# For the love of god, help me. =A=



## Sky Halcyon (Sep 18, 2010)

Oh god. 3:55 in the morning googling 'How to fix a squeaky hedgehog wheel'. I woke up around 2:00 this morning to a horrific cacophony from my recently purchased CSW, which is usually whisper-quiet. The cause, I have determine, is that somehow it''s sort of gotten pushed back on the center nut or something, wedging the rollerskate wheel against the wheel itself.

Crappy Pics (dude, it's 4:00 in the morning. You're lucky you're getting _any_ pics.)
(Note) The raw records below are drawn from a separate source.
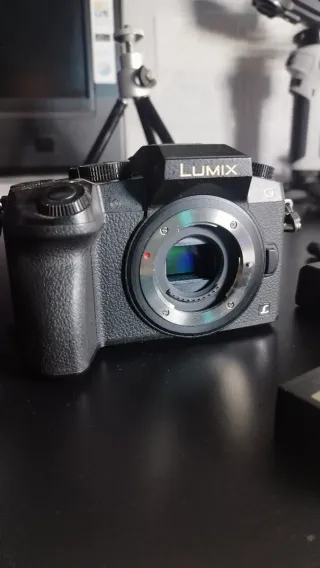 Cámara 4K LUMIX DMC G7 + OBJETIVOS + 3 BATERÍAS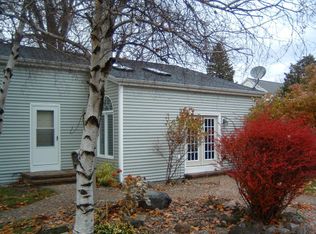 55 Maple St, Rouses Pt, NY 12979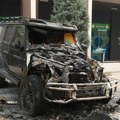 (Foto) Ugljenisani auto, polomljeno staklo: Prve slike zapaljenog automobila Bake Praseta od 500.000 evra, besna mašina…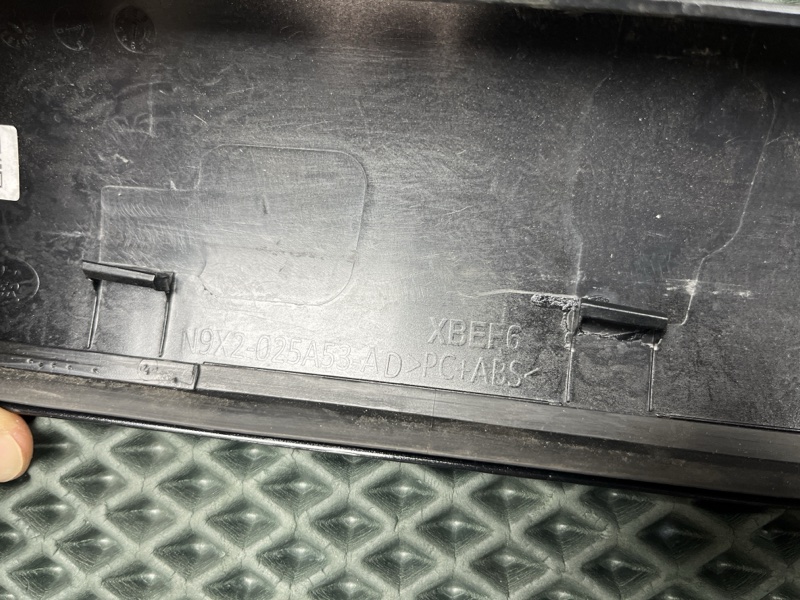 Накладка стойки лобового стекла Land Rover Range Rover Sport (L461, 2025г.)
So please, for the love of god. I have an ice cubes chance in **** of getting back to sleep unless I fix this problem, but I can't push the wheel back into place. HELP ME.
Also, ignore any spelling issues. My language skill are not so good this early.


----------



## ShutUpAndSmile (Mar 7, 2011)

A good temporary fix is vegetable oil I put it on my hamsters wheel when it drives me crazy. 
It lasts a little bit. But a more permeant fix is coconut oil that you cook with. I put it on about 3-4 weeks ago and not a peep out of it. 
It's all natural so it can't hurt them. 

Edit:
http://www.google.com/products/catalog? ... ps-sellers
I'm pretty sure this is the coconut oil that I have (I'll double check in a few hours when I get ready for work) 
It works great, it's cheap. And you can use it for healthier cooking xD Ha.

Good luck!


----------



## LarryT (May 12, 2009)

Make sure the nut and wing nut have not came loose,also check to see if any zipties mite have broken and be rubbing.


----------



## MissC (Nov 15, 2010)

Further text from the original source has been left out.